A new law in Colombia, making it one of the first countries in the world to explicitly tax ultra-processed food, has been welcomed by activists and health experts who say it could set an example for other countries.
After years of campaigning, the "junk food law" went into effect this month and will gradually introduce a tax. The additional tax on junk food will start immediately at 10%, rise to 15% next year and become 20% in 2025.
Countries around the world have introduced health taxes, such as taxing tobacco or sugary drinks, but few have extended them to processed foods, said Franco Sassi, professor of international health policy and economics at Imperial College Business School in London. "The Colombian model is more comprehensive than anything we have seen so far and can serve as an example for other countries."
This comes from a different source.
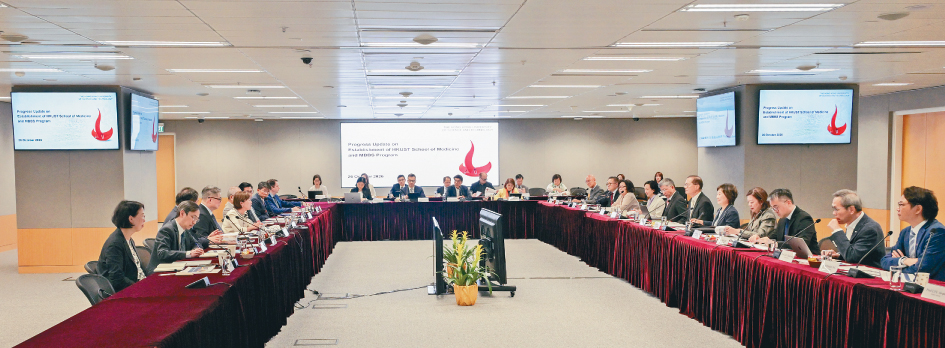 政府「筹备新医学院工作组」昨召开会议，加盟科大医学院出任资深副院长的梁如鸿，与前上司港大医学院院长刘泽星遥遥相对。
The tax targets ultra-processed products, defined as industrially manufactured ready-to-eat foods, and products high in salt and saturated fat, such as chocolate or potato chips. Sassi said some compromises were made with the food industry, such as excluding some traditional Colombian foods, such as salchichón sausage, from the tax.
The Colombian diet is high in sodium, which has been linked to an increase in cardiovascular diseases such as stroke and heart failure, which account for nearly a quarter of deaths each year. The average Colombian consumes 12 grams of salt per day - the highest rate in Latin America and one of the highest in the world. Nearly one-third of adults in the country have high blood pressure.
Critics of the new tax said it will worsen Colombia’s struggle with inflation.